Dwaj nowi gracze w UMKS Kielce?

Pawła Hołotę z AZS Lublin i Grzegorza Kruka ze Ślaska Wrocław chce pozyskać drugoligowy UMKS Kielce. Jeszcze bez tej dwójki kielczanie będą próbowali przerwać serię ligowych porażek. W sobotę o godz. 17 w hali przy ul. Żytniej podejmują ligowego średniaka - MOSiR Krosno

Zajmujący trzecie miejsce w tabeli UMKS będzie chciał się zrewanżować gościom (ósma pozycja w lidze) za porażkę 56:62 w pierwszej rundzie. - Nieistotne, w jakim stylu, bylebyśmy wygrali - uważa Włodzimierz Środa, trener UMKS Kielce. Gospodarze będą musieli sobie poradzić bez kontuzjowanego Miłosza Krajewskiego, który treningi wznowi w przyszłym tygodniu, oraz szukającego sobie nowego zespołu Mariusza Dymacza.

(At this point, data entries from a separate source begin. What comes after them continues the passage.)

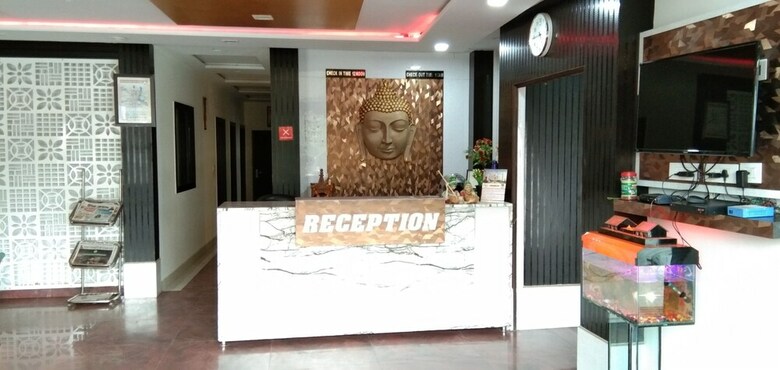 Hotel Grand S M Regency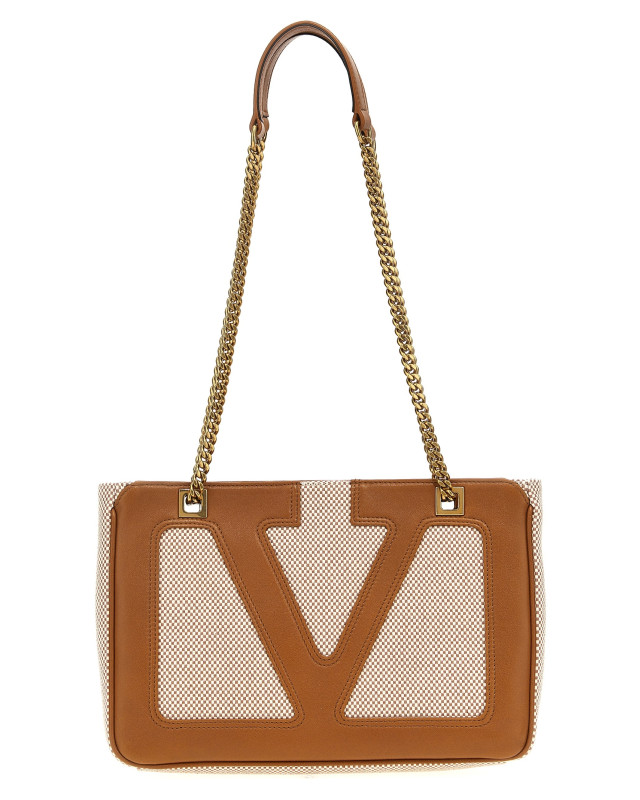 [Valentino Garavani] Tote bag SS25 6W0B0R14GLR9QR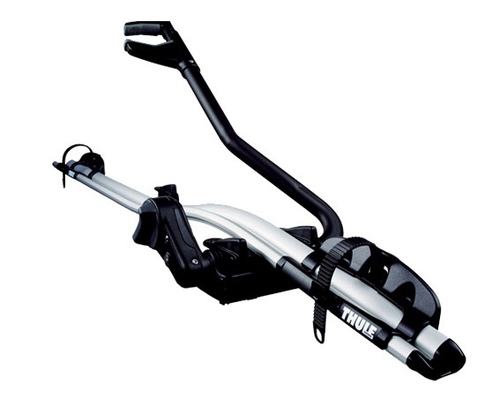 thule 591 black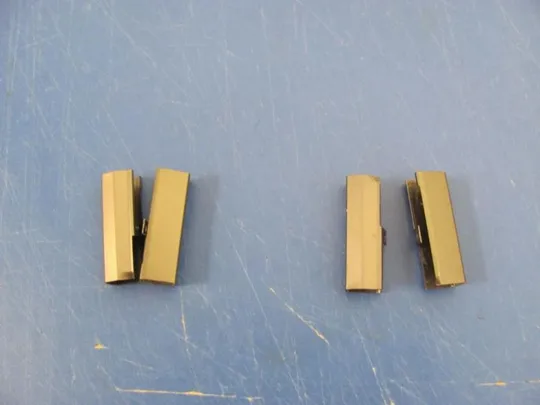 №172-6 заглушки для HP PROBOOK 6560b 6565b 6570b оригінал Ціна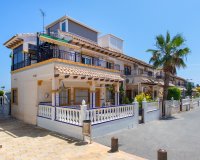 Herverkoop - Townhouse / Duplex / Corner - Orihuela Costa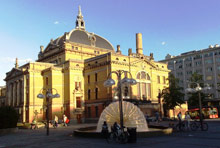 Осло, Норвегия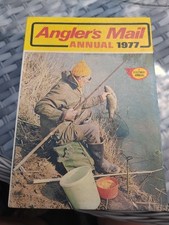 Anglers Mail Annual 1977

Tego drugiego może zastąpić Grzegorz Kruk przebywający w Kielcach na testach. 20-letni rozgrywający dysponuje dobrymi warunkami fizycznym (195 cm wzrostu) i jest wychowankiem Śląska Wrocław. W grę wchodzi wypożyczenie do końca sezonu. Zmiennikiem Krajewskiego może zostać 28-letni skrzydłowy Paweł Hołota. Gracz AZS Lublin porozumiał się już z kieleckimi działaczami, ale lepsze niż dotąd warunki gry zaoferował mu też lubelski klub. - Na sygnał od Pawła czekamy do niedzieli - mówi Zbigniew Gil, prezes klubu. Hołota gościł z AZS w Kielcach przed dwoma tygodniami. Rzucił kielczanom aż 33 punkty i głównie dzięki niemu UMKS zakończył passę sześciu zwycięstw z rzędu. Kibice koszykówki mogą go pamiętać także z występów przeciw Cersanitowi w ekstraklasie - po każdym celnym rzucie wykrzykiwał: to jest mój team!